DATA START

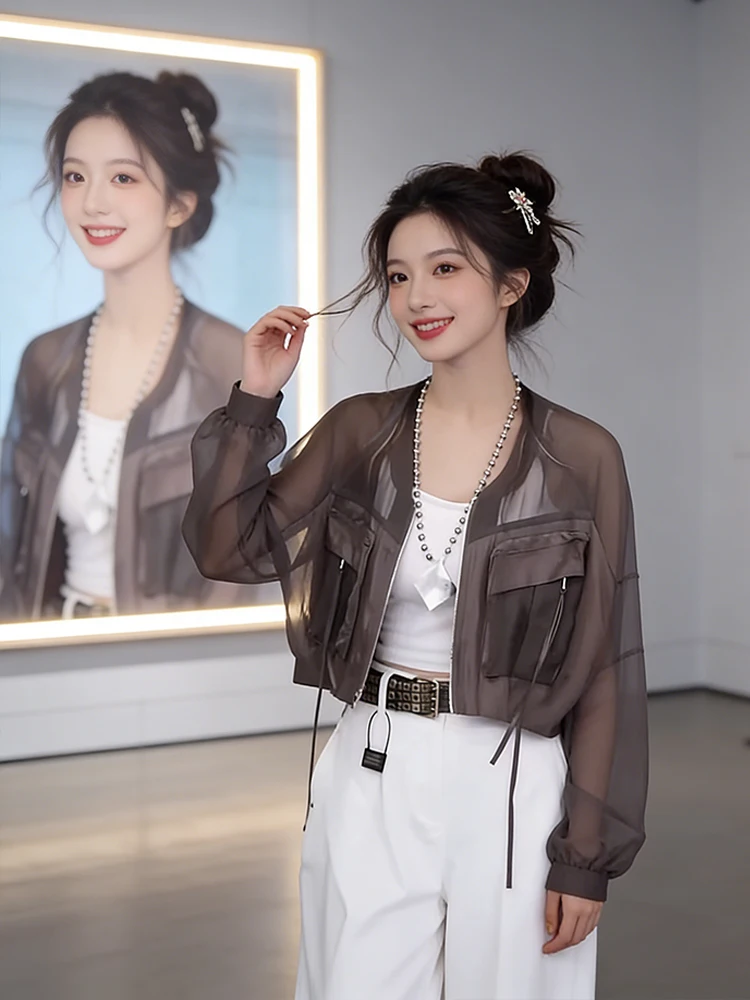 

Женская тонкая ветрозащитная куртка Ele для защиты от солнца, повседневная свободная короткая куртка, весна 2026, новая модель, для поездок на работу, с застежкой-молнией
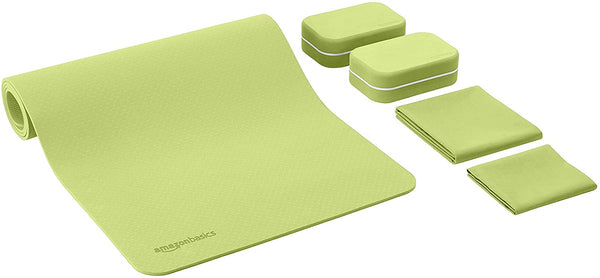 AmazonBasics 1/4-Inch Thick TPE 6-Piece Yoga Set with Mat - Green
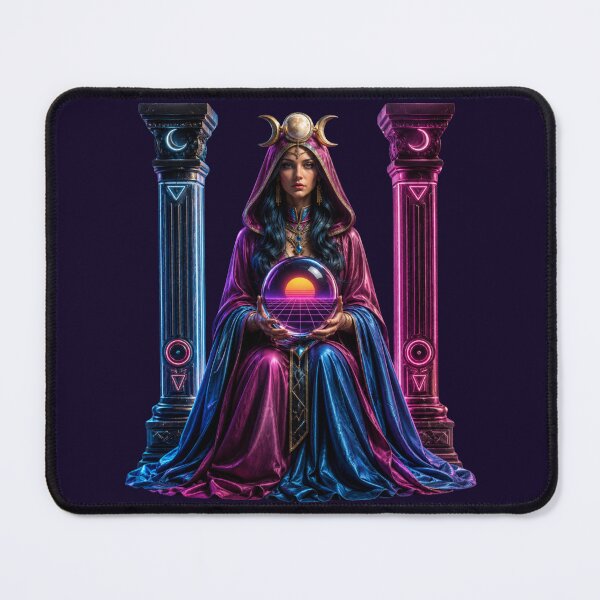 Item preview, Neon Retro High Priestess Tarot Art designed and sold by MarVan-Prints.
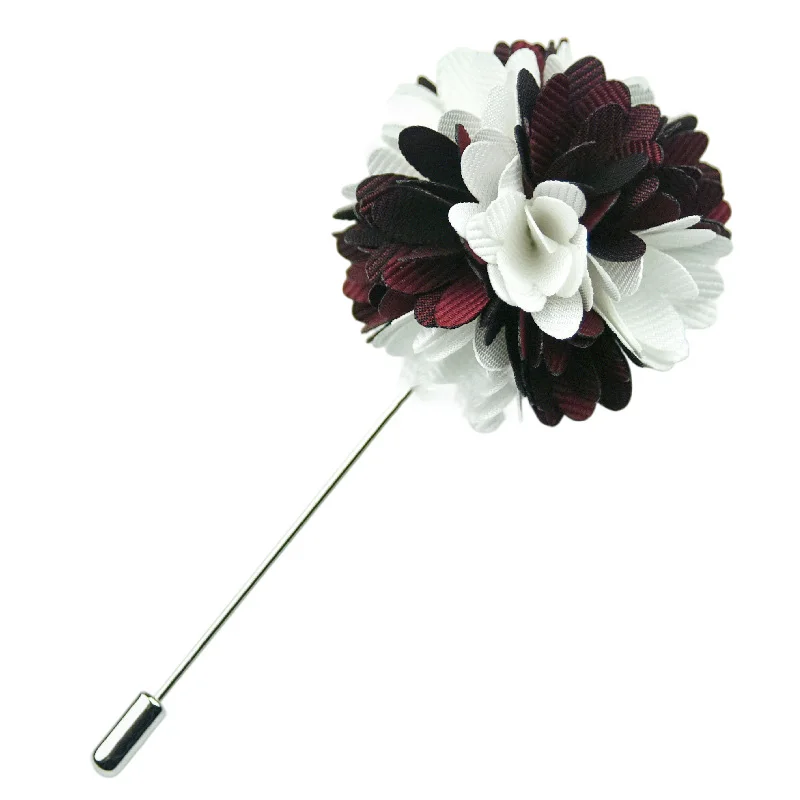 18 Color Handmade Men's Floral Lapel Pin Long Needle Fabric Flower Brooch for Suit Wedding Fashion Jewelry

DATA END

WHAT IS EXPECTED: Copy the data character for character, but drop all pictures from the copy.

SOLUTION FOR THIS PROBLEM:
Женская тонкая ветрозащитная куртка Ele для защиты от солнца, повседневная свободная короткая куртка, весна 2026, новая модель, для поездок на работу, с застежкой-молнией
 AmazonBasics 1/4-Inch Thick TPE 6-Piece Yoga Set with Mat - Green
 Item preview, Neon Retro High Priestess Tarot Art designed and sold by MarVan-Prints.
 18 Color Handmade Men's Floral Lapel Pin Long Needle Fabric Flower Brooch for Suit Wedding Fashion Jewelry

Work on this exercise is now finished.